Carried Interest

The Carried Interest Fairness Act of 2015, introduced on June 25, 2015, by then-House Ways and Means Committee Ranking Member Sander Levin (D-MI) and U.S. Senator Tammy Baldwin (D-WI), would close the carried interest loophole and ensure that income earned managing other people's money is taxed at the same ordinary income tax rates as that of the vast majority of Americans.

The Carried Interest Fairness Act of 2015 provides that the “carried interest” compensation received by investment fund managers will be taxed at ordinary income rates and treated as wage income subject to employment taxes. In exchange for providing the service of managing their investors’ assets, fund managers often take a portion of a fund’s profits, or a carried interest, usually equal to 20 percent of such profits. The bill clarifies that this income is subject to ordinary income tax rates rather than the much lower capital gains rate.

Why is Congress concerned about this issue?

Many investment funds are structured as partnerships in which investors become limited partners and the funds’ managers are the general partner. The managers often take a considerable portion of their compensation for managing the funds’ investments as a share of the funds’ profits; this profits interest is often referred to as a “carried interest.”

Partnership profits are not taxed at the partnership level; instead, partners are taxed on their share of partnership income. The character of that income (capital or ordinary) is determined at the partnership level and “flows-through” to the partners. Where a significant portion of an investment fund’s profits are long-term capital gains, investment managers who are compensated with a carried interest are able to take advantage of the 15 or 20 percent longterm capital gains rate on income they receive for the performance of services. Essentially, they are able to pay a lower tax rate than other Americans on income from their work simply because of the structure of their firm.

What does this legislation do?

This bill clarifies that any income received from a partnership, capital or otherwise, in compensation for services is considered ordinary income for tax purposes. As a result, managers of investment partnerships who receive a carried interest as compensation will pay ordinary income tax rates rather than capital gains rates on that compensation. The capital gains rate will continue to apply to the extent that a manager’s allocation of capital gain income represents a return on capital they have actually invested in the partnership.

What kinds of investment firms will be affected?
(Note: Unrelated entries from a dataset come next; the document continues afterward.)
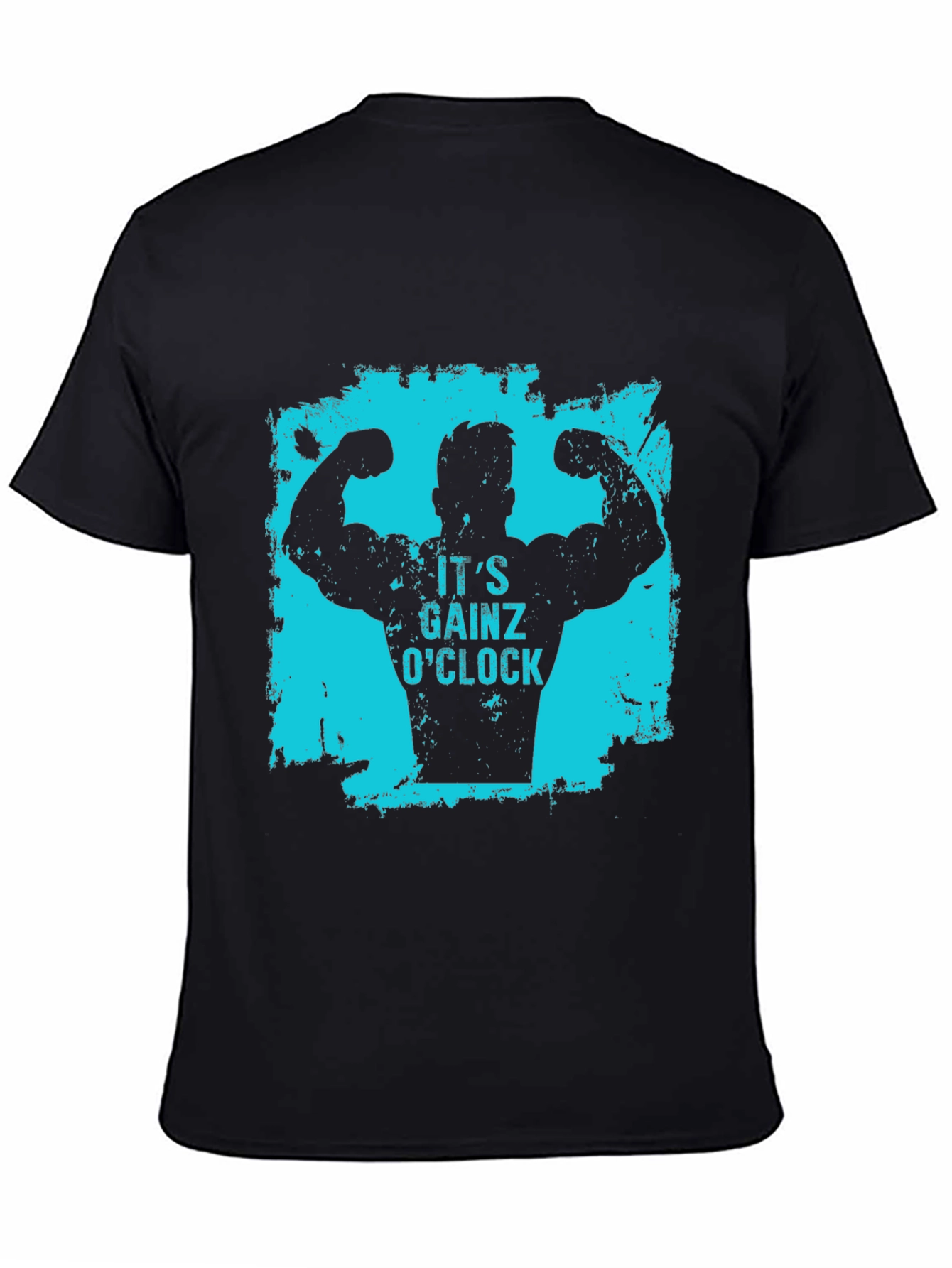 Black Gainz O'Clock Black T-Shirt - Gym Bodybuilding Motivation view 4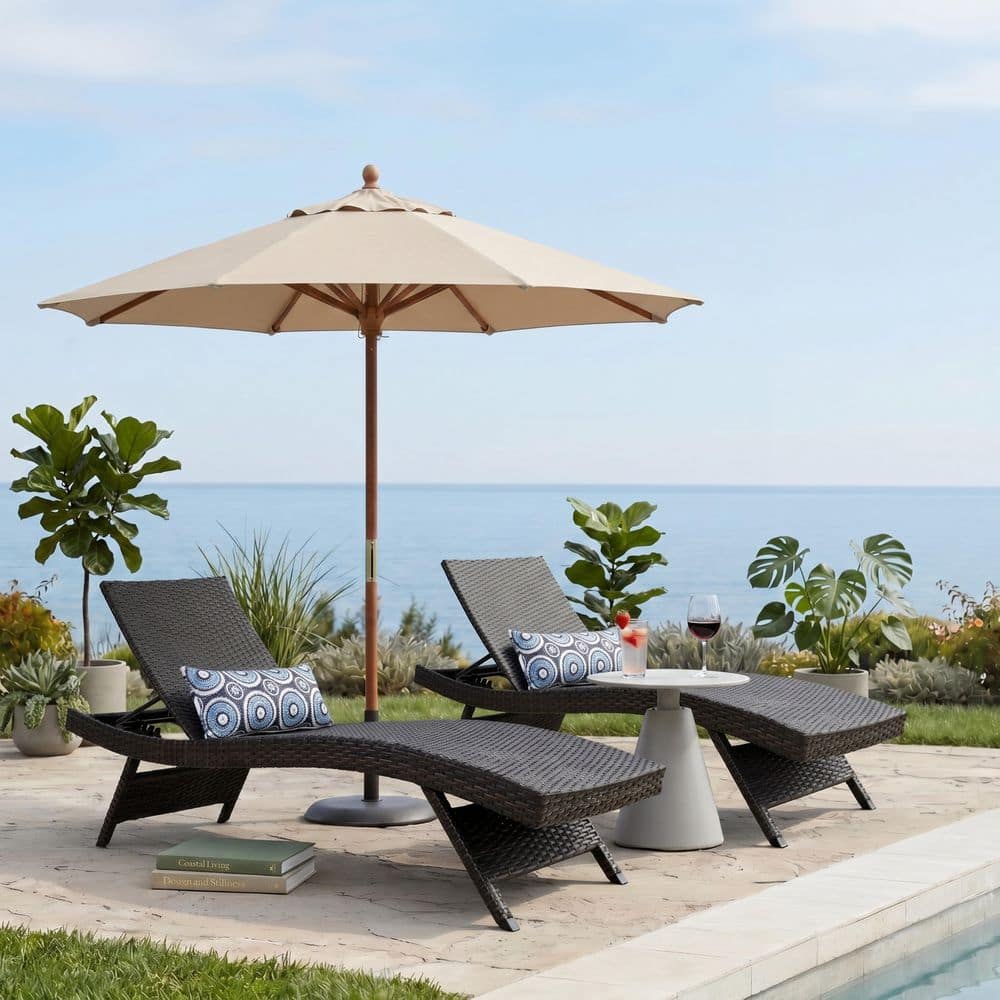 rambo2個口　HALO　LUSCIOUS CHAISE LOUNGE EDYO LIVING Brown All-Weather Adjustable Resin Outdoor Patio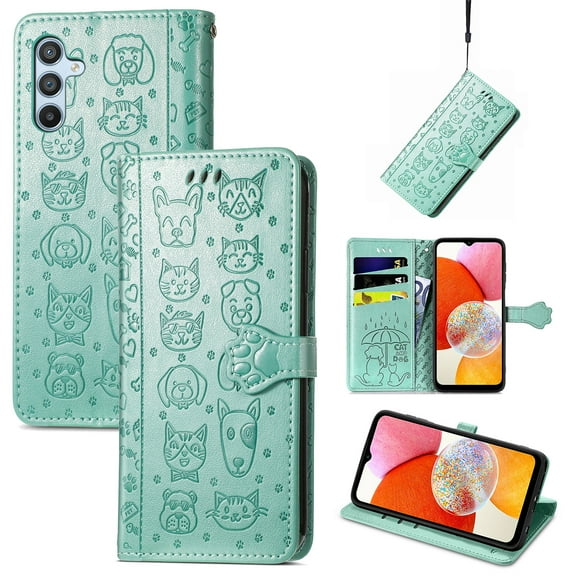 for Samsung Galaxy A14 5G Case Wallet,Magnetic Closure PU Leather Cute Embossed with Wrist Strap, RFID Blocking Card Slots Pocket Flip Kickstand Protective Phone Case Cover,Green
This bill serves the broader goal of tax fairness. The principle at work is that compensation for services should be treated as ordinary income and taxed accordingly, regardless of its source. Any investment manager that takes a share of an investment fund’s profits as its compensation (i.e., in the form of a carried interest) will be affected. This rule will apply to investment management firms without regard to the type of assets they manage, whether they are financial assets or real estate. The key issue is the form of compensation (i.e., a profit’s interest given for investment management services), not the type of assets the firm is managing, its investment strategy, or the amount of compensation involved.